Pero hoy, rodeado de mis monstruos, que ya no me importan tanto, he repasado los mil errores. Algunos de ellos seguían hoy acompañándome, recordándome que se agostó el venero de mi esperanza en parte por mi culpa. No, siempre y sólo por mi culpa, por dejarme vencer por miedos, egoísmo, ira. Por derribar mis murallas y ponerme a la venta con carteles de saldo, por no saber tantas y tantas cosas.
Egoísmo. Miedo. Ira. Así comienza mi lista de pecados capitales, y ahora sólo quiero huir, ahora que Madrid sigue llamándome, la poesía sigue llamándome, mi deber sigue llamándome sin cesar a un teléfono que suena y suena martilleando mi cabeza, mi conciencia y la imagen de tu risa en mi memoria.
Porque sólo quiero poesía, música. Sólo buscaba caminar por un Madrid destrozado por las bombas, con un fusil en una mano y tu mano en la otra, caminando entre los escombros hacia una noche donde descansar mi alma a tu lado. Todo sigue sonando en mi cabeza, absolutamente todo en una abigarrada cacofonía donde cada sonido tiene el color y la textura de los costurones, de la bregadura, de las señales de ti que aún conservo en mi piel, que han durado más que nosotros.
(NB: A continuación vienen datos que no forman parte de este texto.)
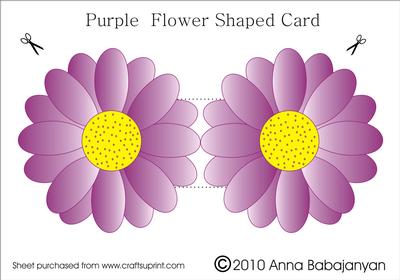 Purple Flower Shaped Card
Y sigo sin encontrar explicación a todo lo que me rodea. Si yo – que nunca afloje. De noche angustiao. Me encierro a llorar. Decí, por Dios, que me has dao. Que estoy tan cambiao. No sé más quien soy. Y ahora me siento como un San Sebastián asaetado, como una canción que, hecha pedazos, aún es un tango triste y melancólico que te mantiene en la pista de baile. Me siento como quien se ha equivocado tanto que podría escribir una biblia apócrifa de pecados veniales y mortales, de qué no se debe hacer en cada momento en que la vida te pregunta, y yo me giro y sigo soñando con alguien a mi lado que no duela, con alguien que me despierte con besos en la espalda, con quien no pida más que aquello que puede dar el que no tiene nada, el que se vació en vano intento de encontrar el fondo de tu corazón.
Efectivamente, esto sonaba mejor en mi cabeza.